Each year, DiS asks our staff to vote for their albums of the year. Our editor vaguely tots up the 'votes' and then contrasts and compares this with what's been written about, as well as what has been talked about all year on our boards. DiS then ends up compiling some sort of year-end list, which attempts to approximately sum up the year that was. And then lotsa people object and moan about their favourite record not being at number one...
However, each and every year, there are records which slip through the cracks, that individuals who write for the site absolutely adore, yet few others seem to even be aware of. To help highlight a few lost records, a few years ago we invented the Lost List, and ask individuals to write some words explaining why they love the album in question. Next up, Bronya picks an extraordinary record which could easily have been in out top 75 albums of the year given a little more awareness...
Connan Mockasin Forever Dolphin Love
Connan Hosford seems to just be one of those people who soaks up music like a sponge; from a very young age he was exposed to music - his father was a guitarist - and he recorded his first song, Muesli, at five years of age. I'm not sure if that’s true because it’s actually quite consonant and well-constructed, which is 1) something quite hard for a small child to achieve, and 2) very unlike his music today. As a kid his parents seemingly gave Connan creative reign; he explains “when I was really young my mum got me a welder and just let me turn all the discarded pipes and rubbish on our property into a proper junk yard. I got really obsessed with carnival rides and ghost trains that folded up. Mum said a lot of the neighbours were a bit disgusted.” Jealous. Mockasin played ’60s and ’70s blues music from the age of ten, and after more than a decade of playing the same genre in several bands (the last being Connan and the Mockasins who were highly lauded by several critics), he decided to wipe the slate clean and start a new solo project, Connan Mockasin.

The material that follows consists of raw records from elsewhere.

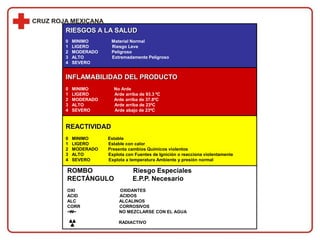 RIESGOS A LA SALUD
0 MINIMO Material Normal
1 LIGERO Riesgo Leve
2 MODERADO Peligroso
3 ALTO Extremadamente Peligroso
4 SEVERO
INFLAMABILIDAD DEL PRODUCTO
0 MINIMO No Arde
1 LIGERO Arde arriba de 93.3 ºC
2 MODERADO Arde arriba de 37.8ºC
3 ALTO Arde arriba de 23ºC
4 SEVERO Arde abajo de 23ºC
REACTIVIDAD
0 MINIMO Estable
1 LIGERO Estable con calor
2 MODERADO Presenta cambios Químicos violentos
3 ALTO Explota con Fuentes de Ignición o reacciona violentamente
4 SEVERO Explota a temperatura Ambiente y presión normal
ROMBO Riesgo Especiales
RECTÁNGULO E.P.P. Necesario
OXI OXIDANTES
ACID ACIDOS
ALC ALCALINOS
CORR CORROSIVOS
W NO MEZCLARSE CON EL AGUA
RADIACTIVO
 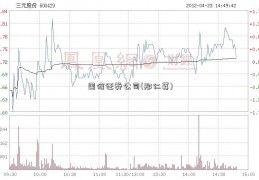 国信证券公司(郑仁英)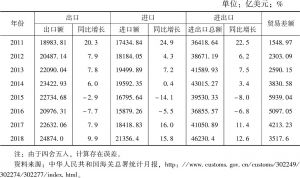 表3 2011～2018年中国货物进出口贸易的变化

Hosford’s album, ‘Forever Dolphin Love’, retains his ’60s and ’70s influences in the way that it is heavily influenced by psychedelia, yet it is more alternative, niche even, than his preceding band, and less obviously nostalgic. Title track, ‘Forever Dolphin Love’, consists of dissonant drones and chromatic patterns on a squeaky clean keyboard, which sounds imaginably not unlike the one on which Mockasin composed his first song. Fading into a messy scribble of futuristic bleeps, the track fades into his vocals, muffled and high-pitched, accompanied by a more traditional guitar sequence. Although, Mockasin is only able to touch on the conventional; lyrics merely dipping in and out of what is essentially a collection of experimental musical ideas. Rare is it that you will hear any hint of a typical song structure on this album.

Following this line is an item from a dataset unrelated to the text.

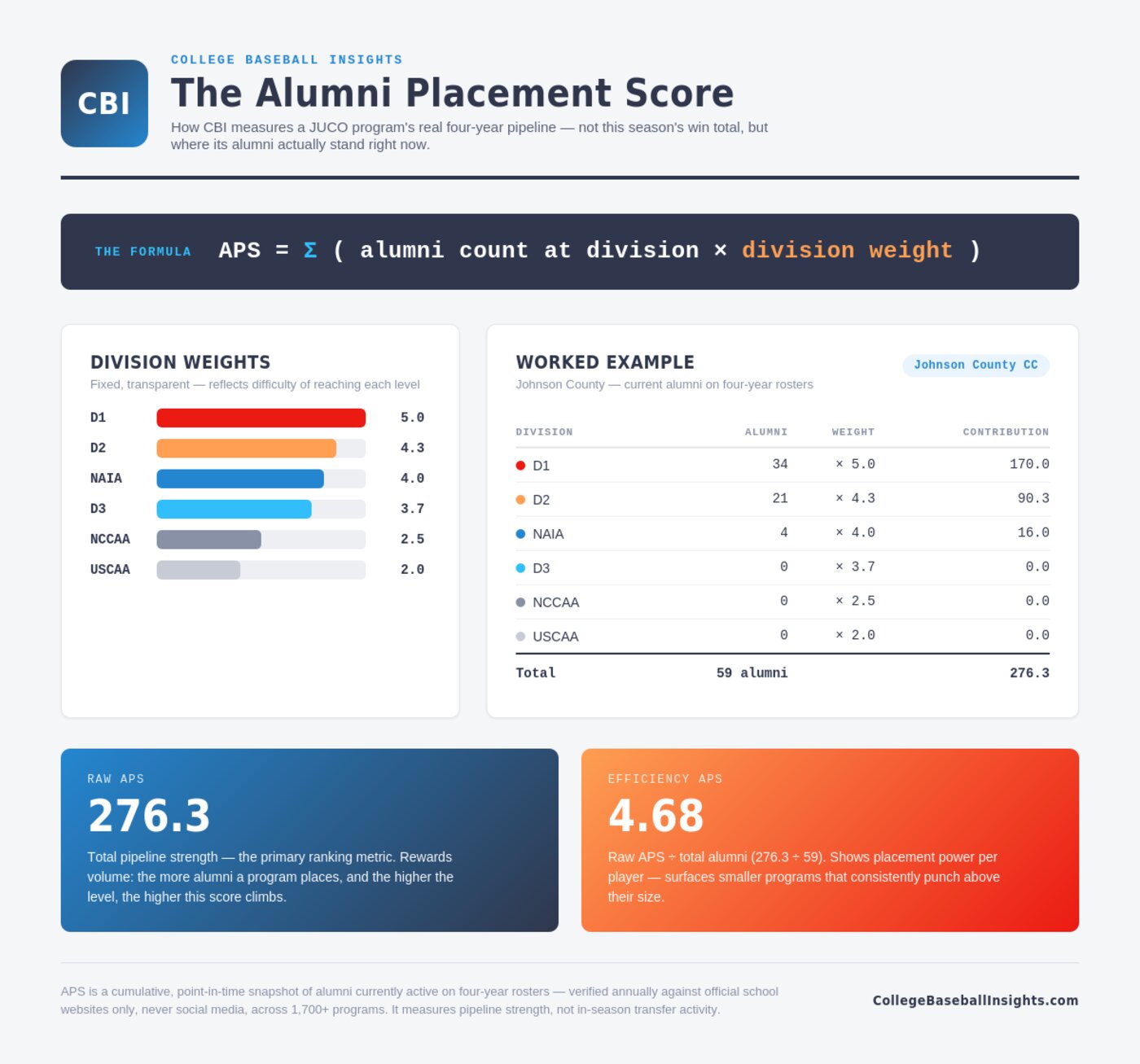 Alumni Placement Score worked example for Johnson County: 34 NCAA D1, 21 NCAA D2, and 4 NAIA alumni combine for a Raw APS of 276.3 and an Efficiency APS of 4.68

The concluding song, ‘Please Turn Me Into The Snat’, adopts a more familiar, consonant structure; it even has a chorus! Against a galloping drum beat, Mockasin squeals “oh when I retire I hope the snat suit fits me well,/ I want to be a hybrid with lovely memories”. The nonsensical lyrics seem to be mostly consistent throughout the record, fitting of Mockasin’s atypical instrumental style. Even though I don’t know what he’s talking about, I like listening to these imaginary words. It doesn’t seem to matter what the lyrics are, because Connan’s music just doesn’t make sense to the human ear anyway, which is a good thing. It’s fun. He’s like a siren, screeching away in his own bespoke, introverted language, making a sound that should repel us, but instead it draws us ever nearer.

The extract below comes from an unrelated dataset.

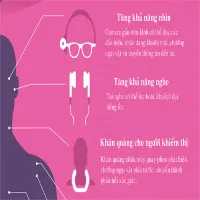 Những công nghệ hiện đại có thể đeo trên cơ thể người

Overall, ‘Forever Dolphin Love’ is without a doubt one of the most original albums to be released this year. Its dissonances, and the unconventional structure to Connan Mockasin’s songwriting, make the record a challenge to listen to. So schizophrenic is its sound that it takes a few plays to really get your head around the album. Once it floats around your ears during the first few spins, ‘Forever Dolphin Love’ becomes an intriguing listen, a really exciting record. I have many personalised mental categories of music, and immediately when I first listened to this record more than half a year ago, I grouped it with releases from the likes of Micachu and Bjork, music that is not necessarily the easiest to take in aurally but then therefore pushes you to listen to it in more depth. Stuff like this, it's great because it pushes the boundaries of convention and I feel that's what, if done well, can make a truly memorable creation.